-- Exercise aim --
Drop the pictures and repeat exactly from the "Kosova, Kovid-19 aşısı" line down to the last line of the entries below.

- Opening Delimiter -

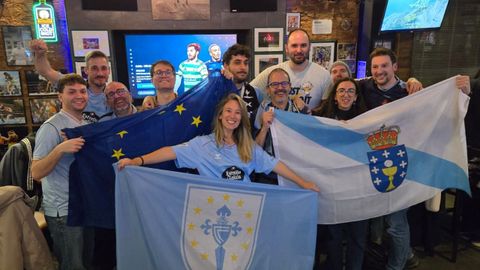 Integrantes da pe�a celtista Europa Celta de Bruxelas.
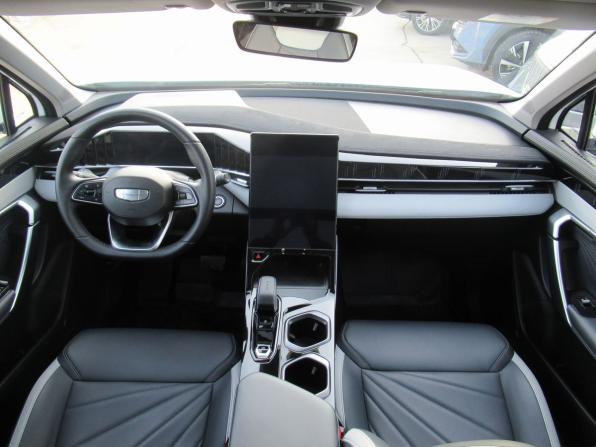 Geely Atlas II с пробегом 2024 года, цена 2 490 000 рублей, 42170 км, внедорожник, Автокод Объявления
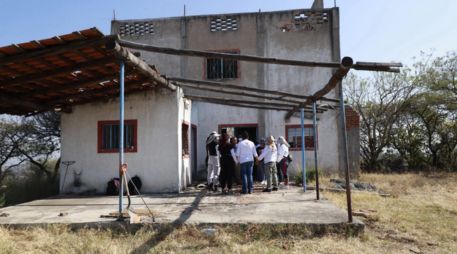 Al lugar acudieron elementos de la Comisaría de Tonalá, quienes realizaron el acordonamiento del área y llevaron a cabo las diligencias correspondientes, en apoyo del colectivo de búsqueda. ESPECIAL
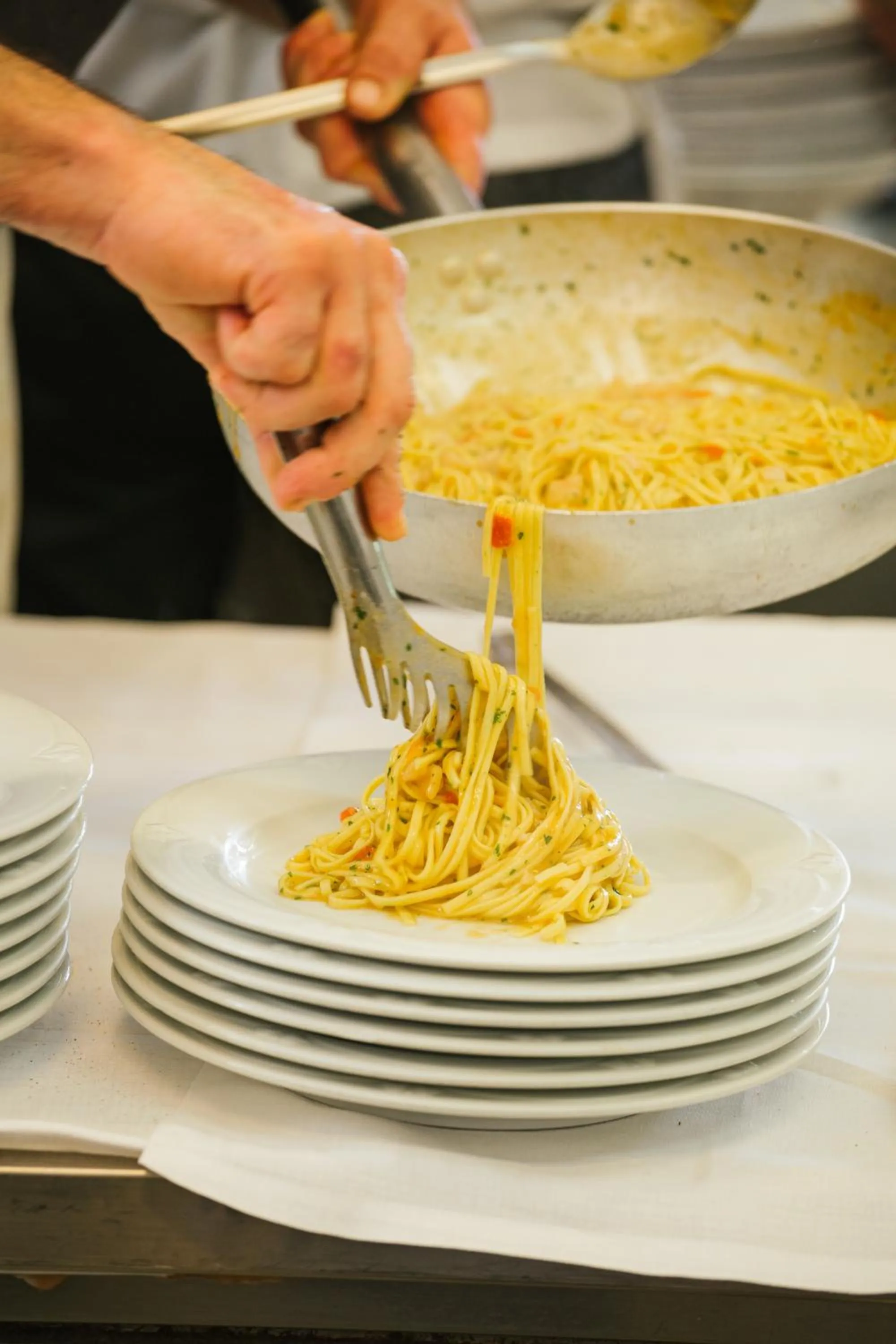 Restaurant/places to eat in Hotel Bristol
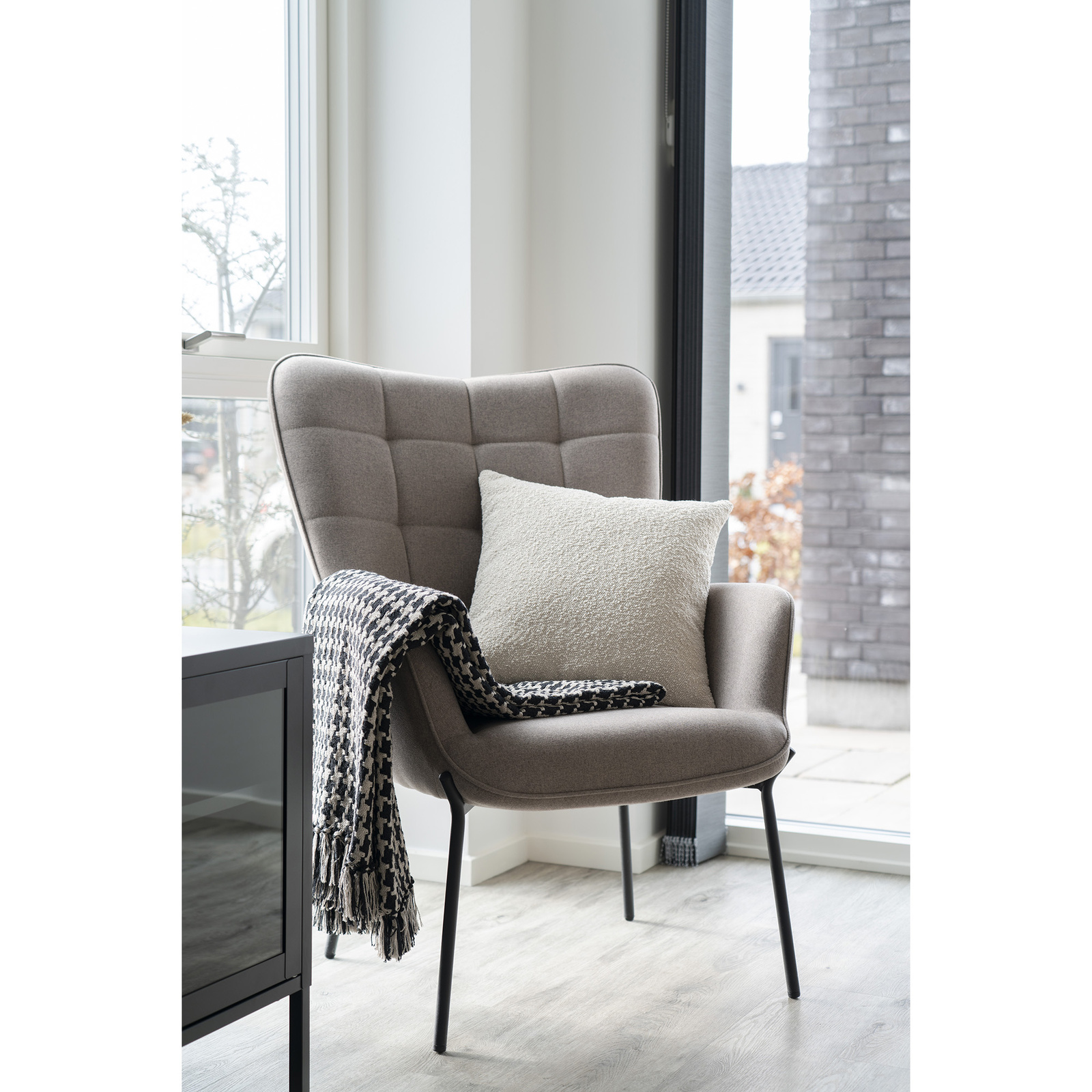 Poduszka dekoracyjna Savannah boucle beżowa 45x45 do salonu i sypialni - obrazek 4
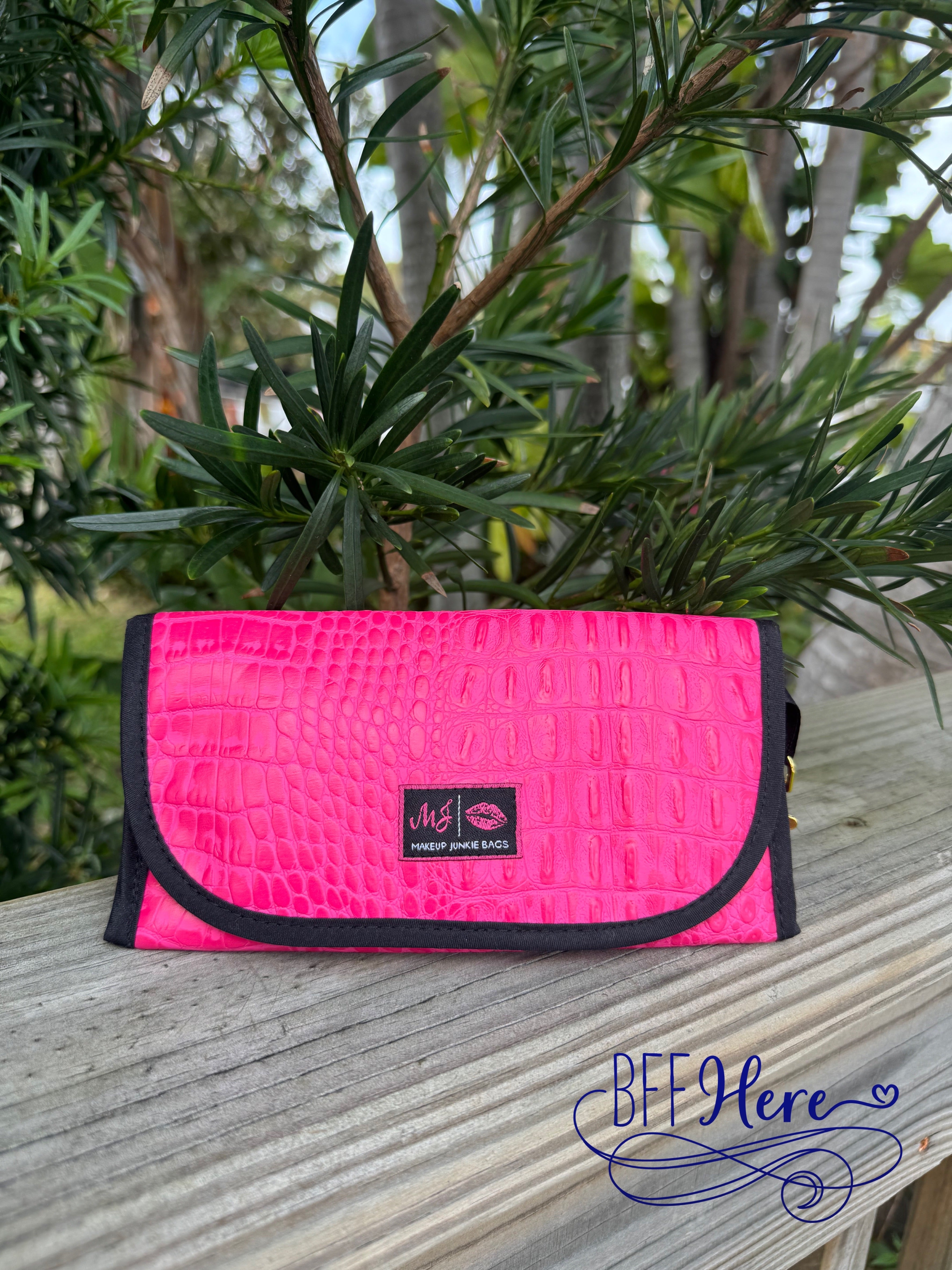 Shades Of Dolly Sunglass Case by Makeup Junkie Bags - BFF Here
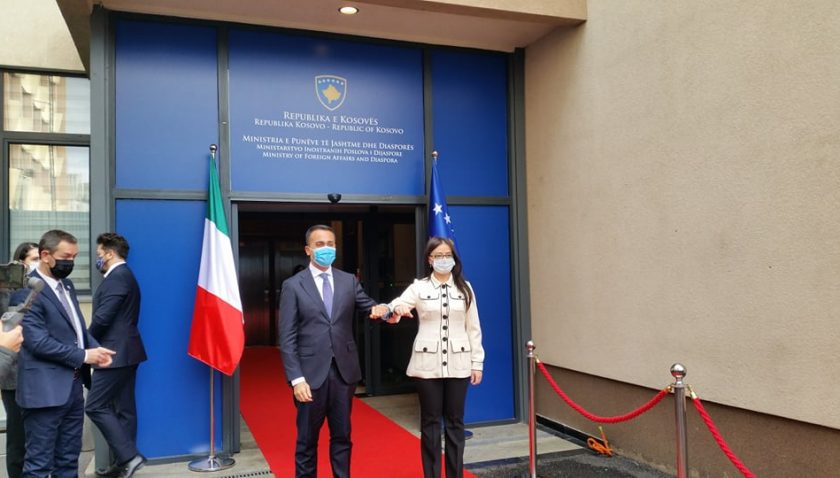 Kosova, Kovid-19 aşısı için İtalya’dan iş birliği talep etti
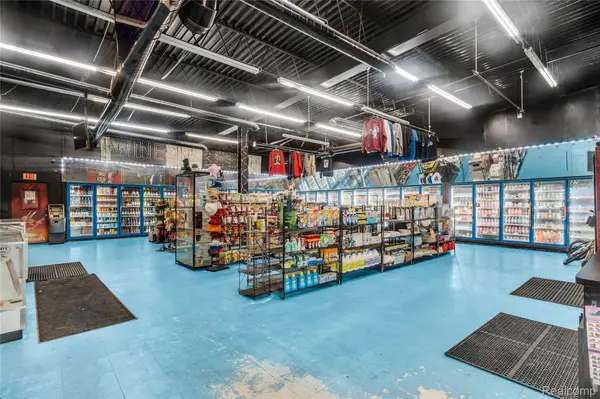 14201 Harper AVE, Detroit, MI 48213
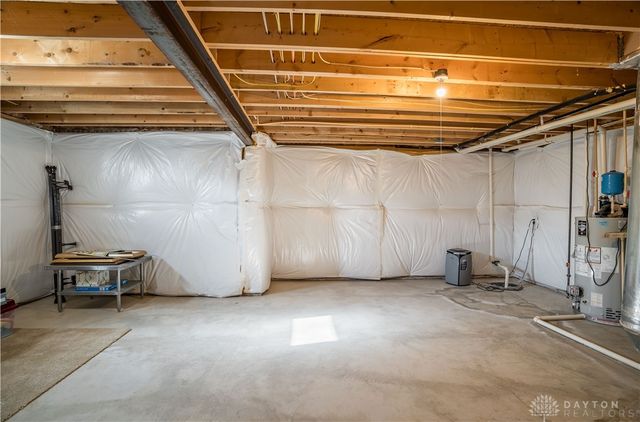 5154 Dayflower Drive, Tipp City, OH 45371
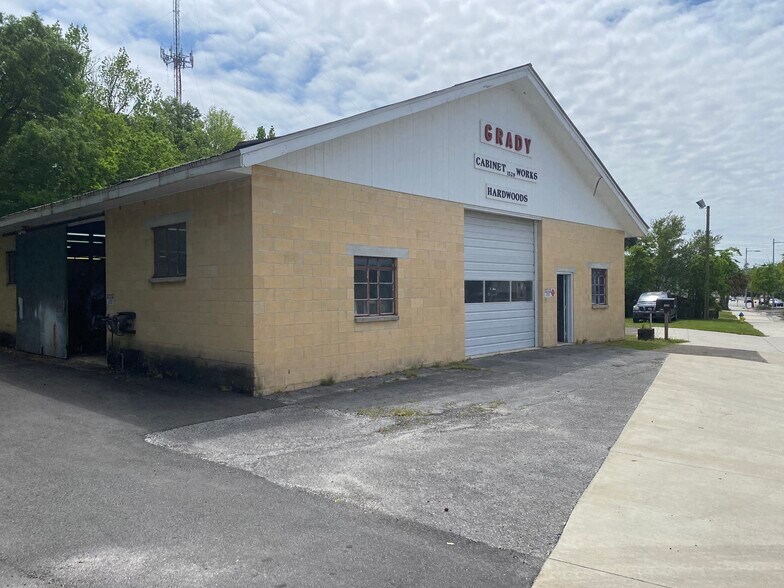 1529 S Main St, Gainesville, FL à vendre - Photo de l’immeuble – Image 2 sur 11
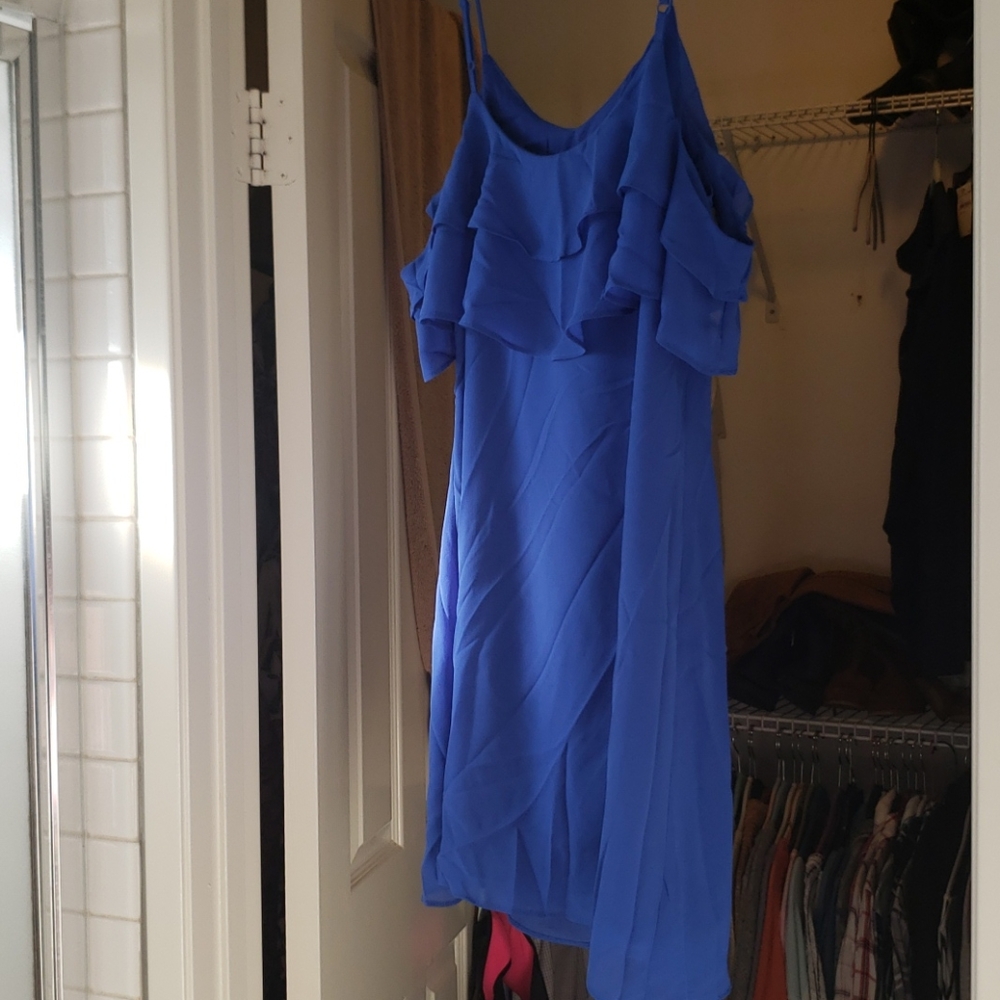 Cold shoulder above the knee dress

- Closing Delimiter -

-- Solved problem --
 Kosova, Kovid-19 aşısı için İtalya’dan iş birliği talep etti
 14201 Harper AVE, Detroit, MI 48213
 5154 Dayflower Drive, Tipp City, OH 45371
 1529 S Main St, Gainesville, FL à vendre - Photo de l’immeuble – Image 2 sur 11
 Cold shoulder above the knee dress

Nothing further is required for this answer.